Since Claude CLI is WSL-only on Windows, but you might want to use Windows IDEs or tools to connect to your q server, you need proper port communication between WSL2 and Windows.

### WSL2 Configuration for Port Communication

#### .wslconfig File Setup
Location: `C:\Users\{YourUsername}\.wslconfig`

Add mirrored networking configuration:
```ini
# Mirrored networking mode for seamless port communication
networkingMode=mirrored
dnsTunneling=true
firewall=true
autoProxy=true
```

#### Restart WSL2
Run from Windows PowerShell/CMD (NOT from within WSL):
```powershell
wsl --shutdown
# Wait a few seconds, then start WSL again
```

#### Verify Configuration
Check if mirrored networking is active:
```bash
ip addr show
cat /etc/resolv.conf
```

#### Test Port Communication

Test WSL2 → Windows (localhost):
```bash
# In WSL2, start a server
python3 -m http.server 8000

# In Windows browser or PowerShell
curl http://localhost:8000
```

Test Windows → WSL2 (localhost):
```powershell
# In Windows PowerShell
python -m http.server 8001

# In WSL2
curl http://localhost:8001
```

#### What Mirrored Networking Provides

- ✅ Direct localhost communication both ways
- ✅ No manual port forwarding needed
- ✅ Better VPN compatibility
- ✅ Simplified networking (Windows and WSL2 share network interfaces)
- ✅ Firewall rules automatically handled

### ⚠️ Port 5000 Special Case

**Issue**: Port 5000 has limited mirrored networking support due to Windows service binding.

**Root Cause**:
- Windows `svchost` service binds to `127.0.0.1:5000` (localhost only)
- Localhost-only bindings are not fully mirrored between Windows and WSL2
- This creates an exception to the general mirrored networking functionality

**Port 5000 Communication Matrix**:
- ✅ Windows ↔ Windows: Works (same localhost)
- ❌ WSL2 ↔ Windows: Fails (different localhost interpretation)
- ✅ WSL2 ↔ WSL2: Works (same environment)
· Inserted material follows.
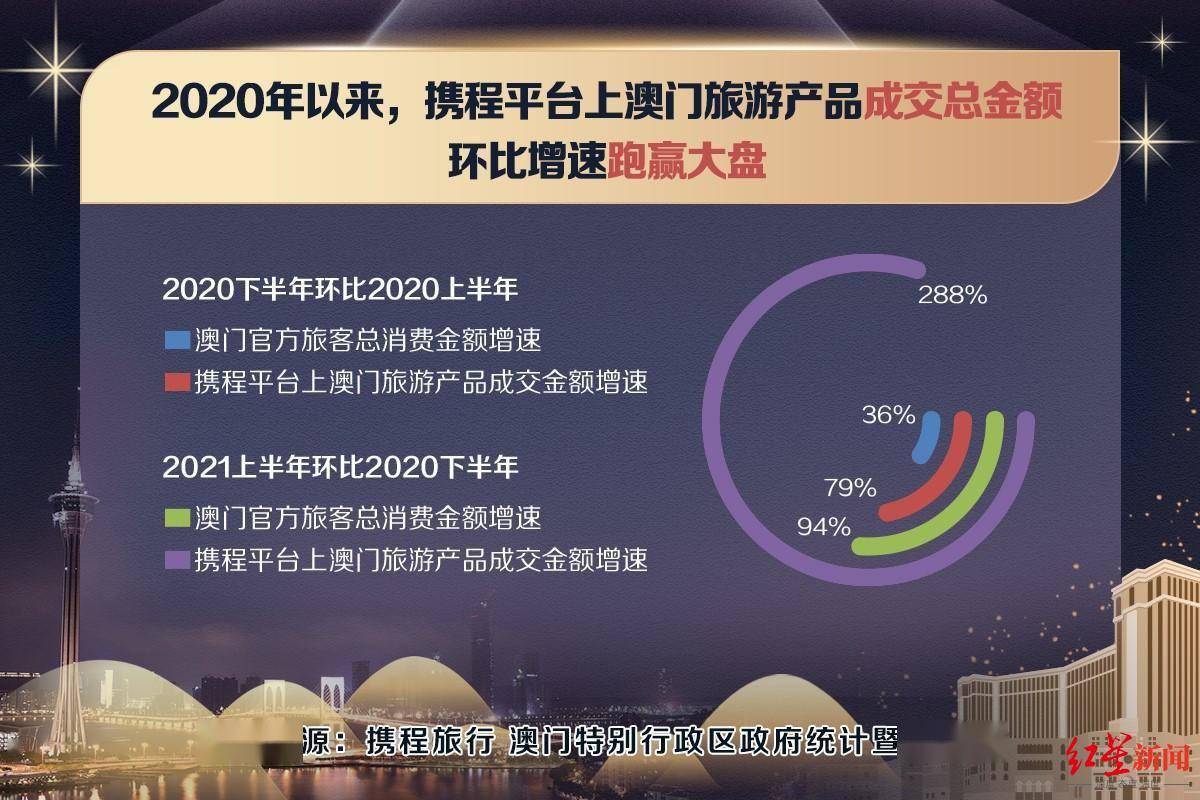 2025澳門特馬今晚開獎現場,前TVB甜妹唐寧曝現狀數據解析說明_游戲版25.21.29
**Solutions for Port 5000**:
1. **Use different ports**: 5001, 5002, etc. (recommended)
2. **Stop Windows service**: If not needed
3. **Traditional port forwarding**: For specific use cases

#### Common Services That May Have Localhost-Only Binding
- **Flask development servers** (default `127.0.0.1:5000`)
- **UPnP Device Host service**
- **Windows Media Player Network Sharing**
- **Various development tools**

#### Known Limitations of Mirrored Networking
1. **Localhost-only services**: Not fully mirrored (as confirmed with port 5000)
2. **mDNS doesn't work** in mirrored mode
3. **Some Docker configurations** may have issues
4. **Requires Windows 11 22H2+** (build 22621+)

## License

This project is licensed under the Apache License 2.0 - see the [LICENSE](LICENSE) file for details.

**Note**: The cloud translation service has separate Terms of Service provided when you request an API key.